O inusitado é que tais informações vazem, por intermédio de pessoas que têm acesso à transcrição dos telefonemas, para os veículos de comunicação. Ainda mais quando se atinge uma pessoa que não tem nenhuma responsabilidade pública, como era o caso de Flynn antes de assumir seu cargo na Casa Branca, em janeiro.

“É uma traição da [comunidade] de inteligência, que promove o vazamento para a imprensa por razões políticas”, afirma, por telefone, J. Kirk Wiebe, que foi um dos primeiros funcionários da NSA a realizar vazamentos.
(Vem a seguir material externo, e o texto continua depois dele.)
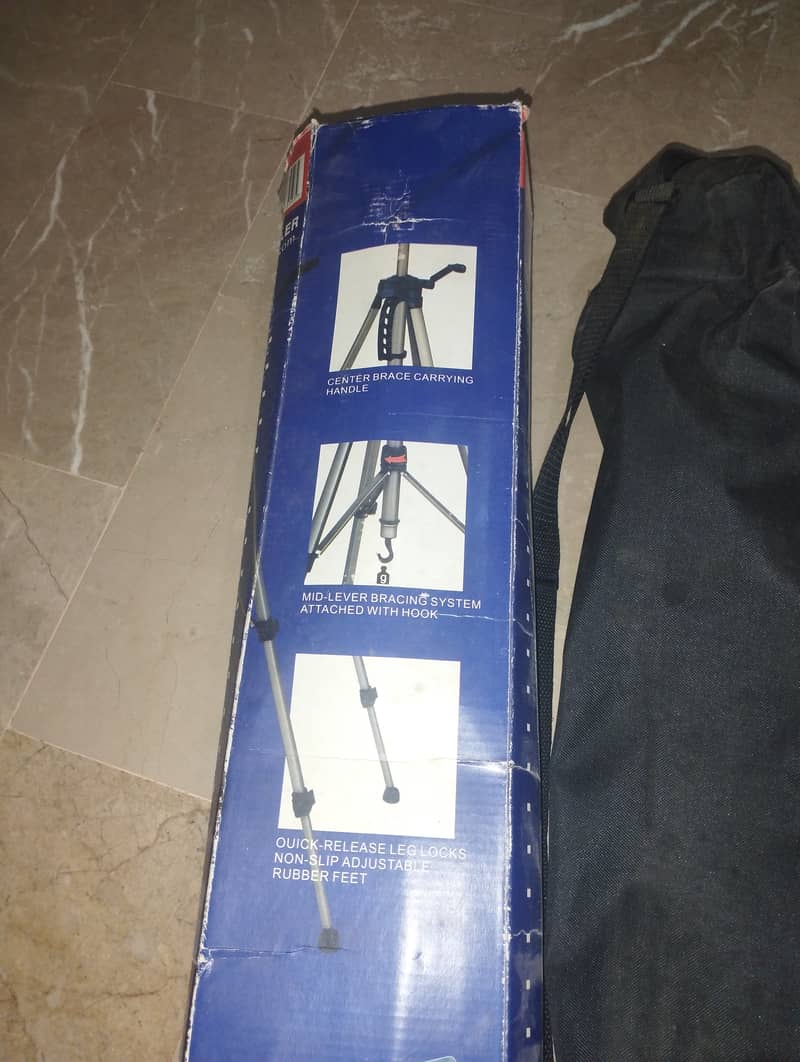 Professional Camera Tripod stand 6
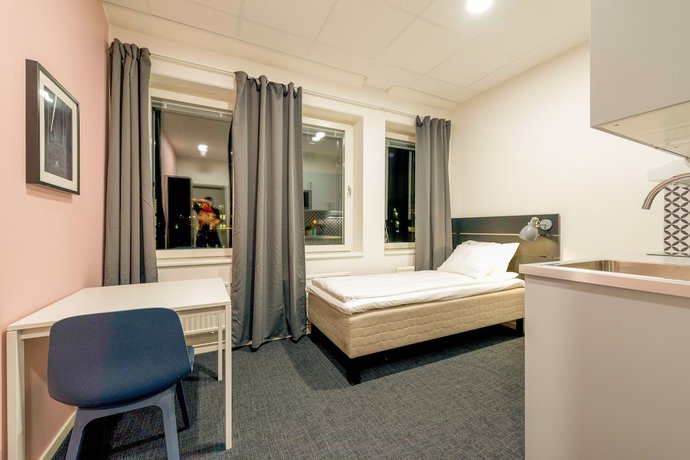 Imagen de la habitación del Aparthotel Stockholm Apartments Sollentuna. Foto 4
Depois de se aposentar, em 2001, após 30 anos de trabalho na agência, ele denunciou, juntamente com outros dois antigos analistas, que a NSA tinha acesso cada vez maior a dados pessoais, mas receberam pouca atenção e sofreram processos na Justiça.

Wiebe vê a divulgação dos contatos realizados entre o entorno de Trump e a Rússia como consequência daquelas denúncias. “O risco de se ter tanta informação sobre cidadãos norte-americanos é que um dia haja um abuso desse poder com a finalidade de prejudicar alguém. É o que acontece agora”, diz o ex-analista. “Esse poder está sendo usado por pessoas mal-intencionadas de dentro do Governo contra o próprio Governo”.

A legislação norte-americana pune a divulgação de informações qualificadas com multas ou com prisão de até 10 anos. Não se sabe, até agora, se o Governo Trump abriu alguma investigação sobre a origem das revelações. As críticas do presidente aos vazamentos são contraditórias com a sua postura como candidato, quando ele elogiou a publicação, pelo Wikileaks, de mensagens eletrônicas extraídas do Partido Democrata e que criaram dificuldades para sua adversária, Hillary Clinton.

Wiebe atribui os atuais vazamentos a funcionários da inteligência incomodados com Flynn e com as críticas feitas por Trump, antes de assumir o cargo, à comunidade de informações depois que esta acusou a Rússia de estar por trás do desvio das mensagens eletrônicas dos democratas. O conteúdo de uma informação que foi interceptada, explica Wiebe, só pode vir a público se revelar um crime que levou à apresentação de uma denúncia formal na Justiça.

Até o momento, inexistem denúncias de ordem penal relacionadas aos contatos feitos pela equipe de Trump com agentes da inteligência russa durante a campanha eleitoral. No caso de Flynn, também não há indícios de crime em sua conversa de dezembro passado com o embaixador russo. Mas ele poderia ter problemas legais se fosse provado que ele mentiu aos agentes do FBI que o interrogaram sobre os seus contatos com o diplomata.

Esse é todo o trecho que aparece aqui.